Brenda Lozano’s Witches

Translated from Spanish by Heather Cleary (2022).

“All women are born with a bit of bruja in them, for protection,” Brenda Lozano asserts in her new fictional memoir Witches, a story of gender-based violence, sisterhood, and solidarity. Witches renews the experimental style and fragmented form of Lozano’s previous novel, Loop, as Lozano recounts the lives of Zoe and Feliciana, two Mexican women from vastly different worlds. Zoe, a young urban journalist, and Feliciana, an old curandera (healer) from a remote village, lead extremely dissimilar lives. However, as Zoe interviews Feliciana about a recent murder, she finds that they share a similar experience of womanhood. Through their contrasts, Witches accentuates womanhood as a powerful force capable of bridging the differences between women. Like Zoe states, “you can’t really know another woman until you know yourself,” Witches encourages vulnerable self-introspection and communication with fellow women as an act of solidarity.

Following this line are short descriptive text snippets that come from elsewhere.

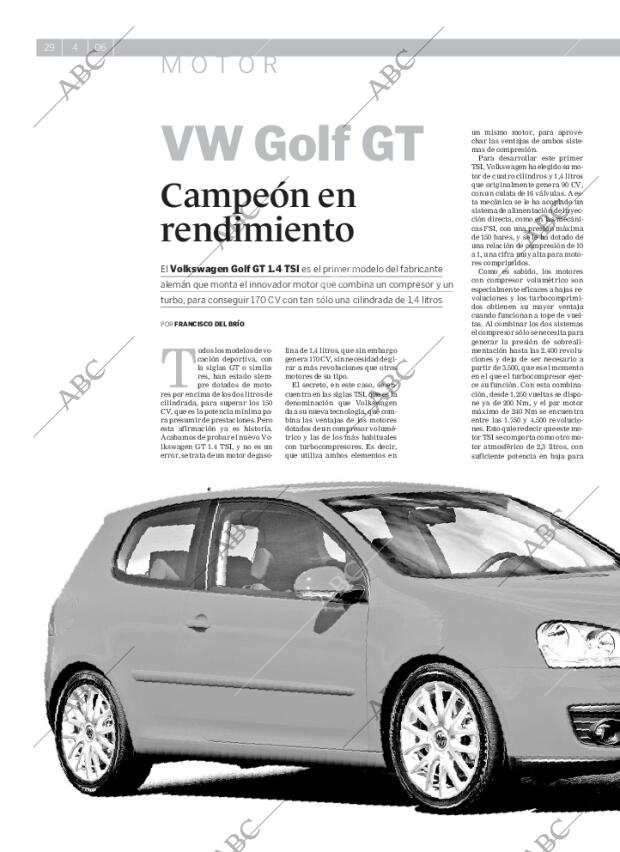 ABC CORDOBA 29-04-2006 página 64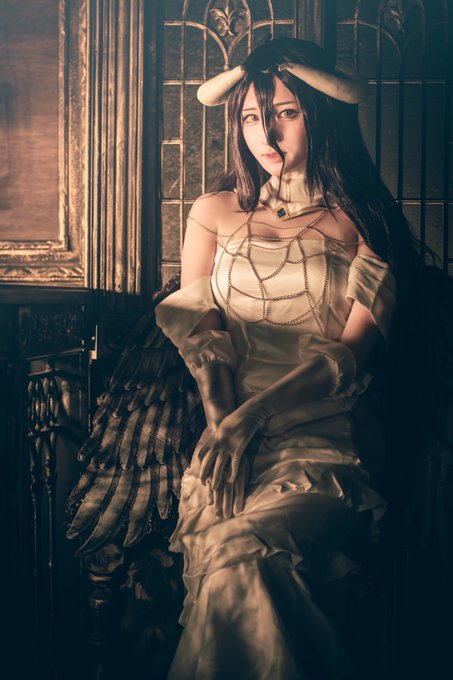 Twitterのコスプレ画像37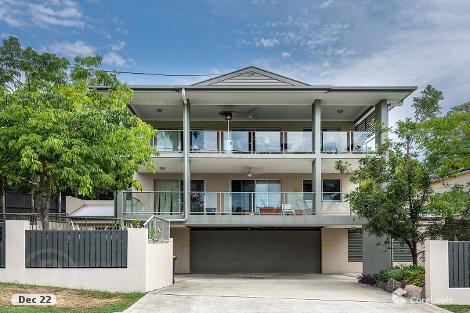 5/10 Dunsmore St, Kelvin Grove, QLD 4059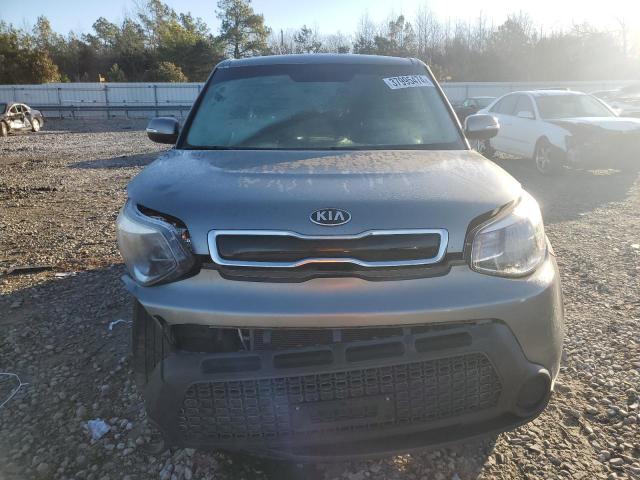 KNDJP3A55E7053223 | 2014 KIA SOUL +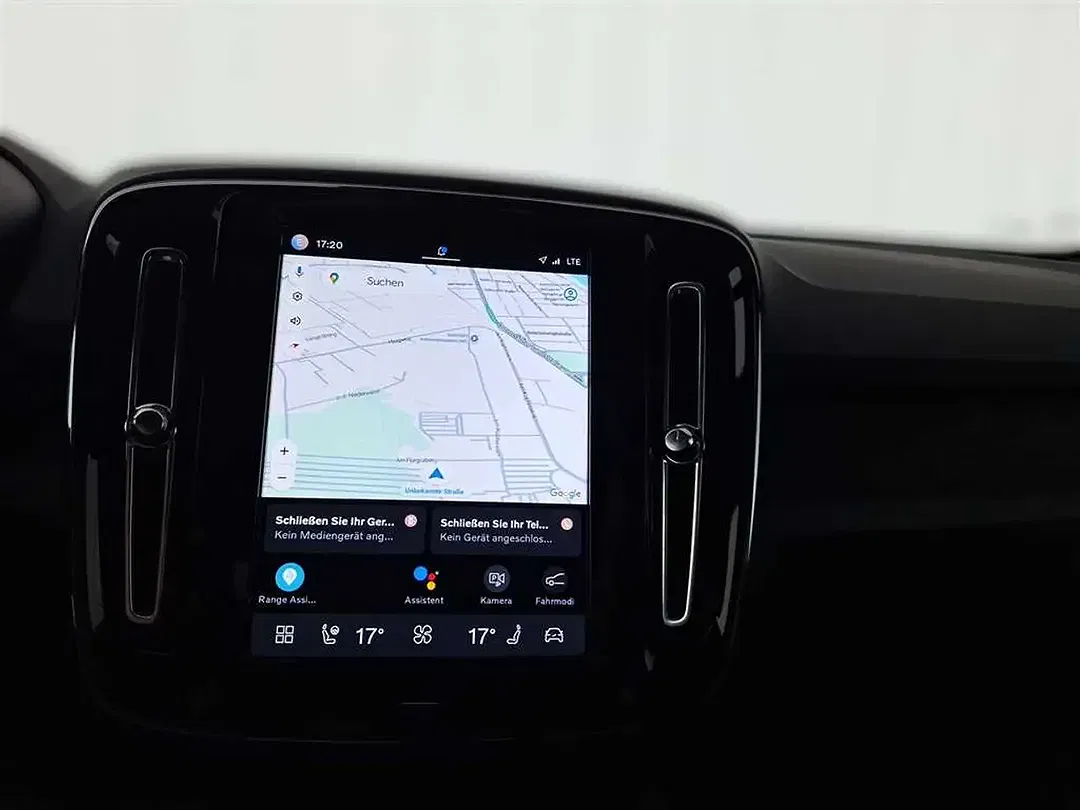 Volvo C40 Recharge Core - Thumbnail 11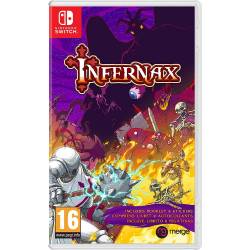 Infernax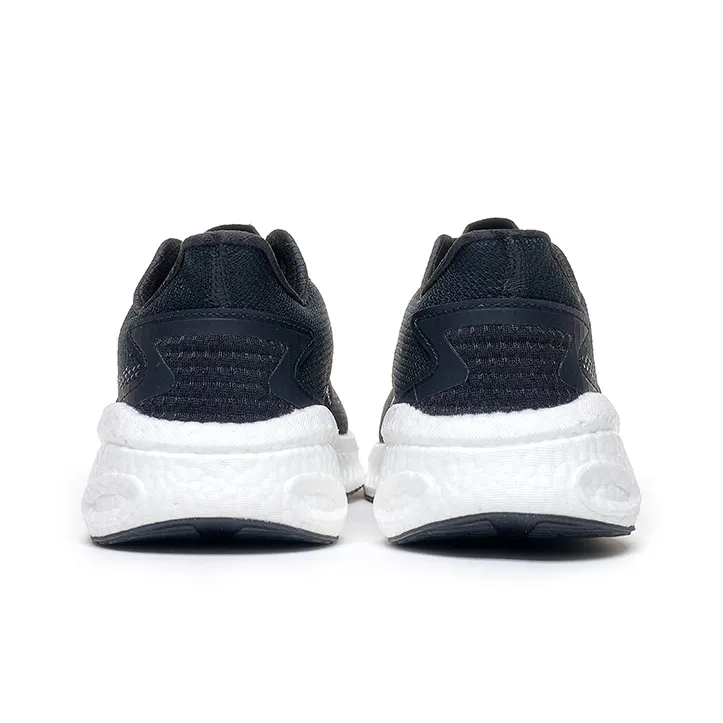 TREEPERI Running Shoes Unisex Low Top Orange-5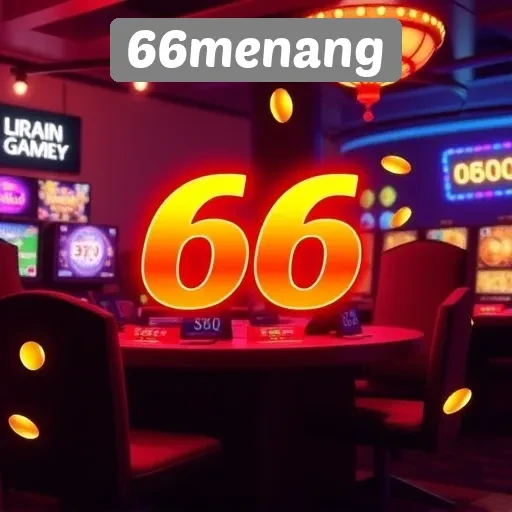Keuntungan Bermain di Situs Game 66menang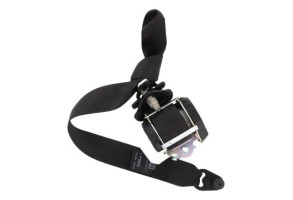 Ceinture avant gauche DACIA SANDERO 2 Photo n°4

In a twist to the memoir genre, Lozano provides us not one, but two memoirs in one as the chapters of Witches alternate without warning between the perspectives of Zoe and Feliciana. Lozano gives each woman a unique voice by experimenting curates each woman’s unique voice The chapters containing Zoe’s perspective exhibit traditional and clean writing while Feliciana’s takes on a repetitive and run-on form that deviates from syntactic conventions and lacks dialogue. 

During the interview, Feliciana chronologically recalls memories from her life. Her memories recreate rural Mexico and extrapolate on the general condition of women under poverty and patriarchy. Feliciana’s life is filled with tragedy, from the death of her parents to the adultery and bloody murder of her husband. Although Feliciana grows in a constraining environment that prohibits idleness, these constraints make her into a strong matriarch who goes on to lead a primarily female household. Most importantly, Feliciana becomes a cornerstone of her community when she begins pursuing her path as a curandera and conducts healing ceremonies with the tools of her ancestors: the Language, the Book, and the mountain’s psychedelic mushrooms.The psilocybin mushrooms that grow on the mountain are crucial to Feliciana’s healing ceremonies. These mushrooms first introduce Feliciana to her long but dying lineage of curanderos, in which healing abilities were for men only. As the first female curandera in her family, Feliciana struggles to be taken seriously.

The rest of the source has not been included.